Что значит уеду совсем? Что значит — кончится плохо? Письмо Сергея, отправленное в эти же дни Елене Оттобальдовне, как будто подтверждает внешние причины, способные объяснить вздрюченное состояние Марины. Он пишет о Москве: «Голодные хвосты, наглые лица, скандалы, драки, грязи как никогда и толпы солдат в трамваях. Все полны кипучей злобой, которая вот-вот прорвется…»

Но в ближайшие годы Марине и не то еще придется вынести. И вынесет.
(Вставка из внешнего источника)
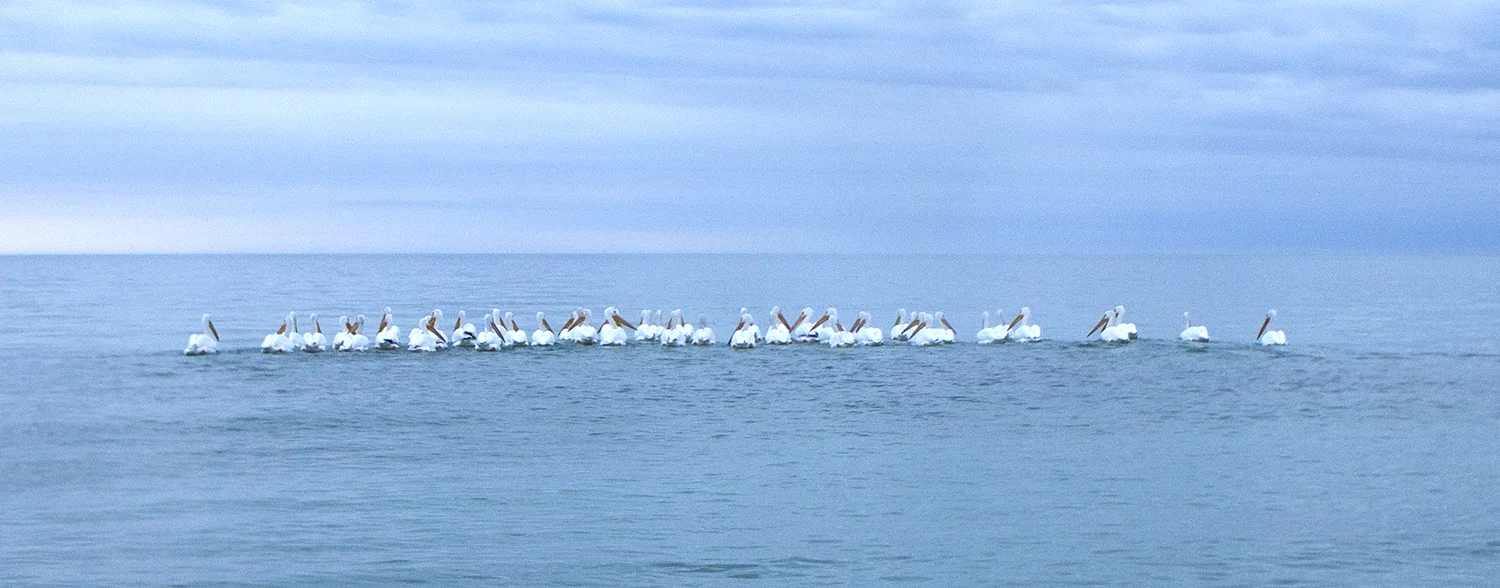 PelicanFlock2GP.jpg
Истерическое состояние, и даже близкое к нему, ей совсем несвойственно. Но все-таки она уезжает! Чуть ли не внезапно и без всех — благо сестры мужа согласились присматривать за детьми.

Правда, она собирается через месяц вернуться. И даже надеется привезти с собой продуктов, хотя бы муки. Эта надежда не оправдывается: в Феодосии цены еще выше, чем в Москве, разве что нет очередей. Ясно одно: ей отчего-то необходимо уехать не откладывая, дабы внутреннее напряжение ее не разорвало. Неужто же все дело в Москве, кипящей злобой?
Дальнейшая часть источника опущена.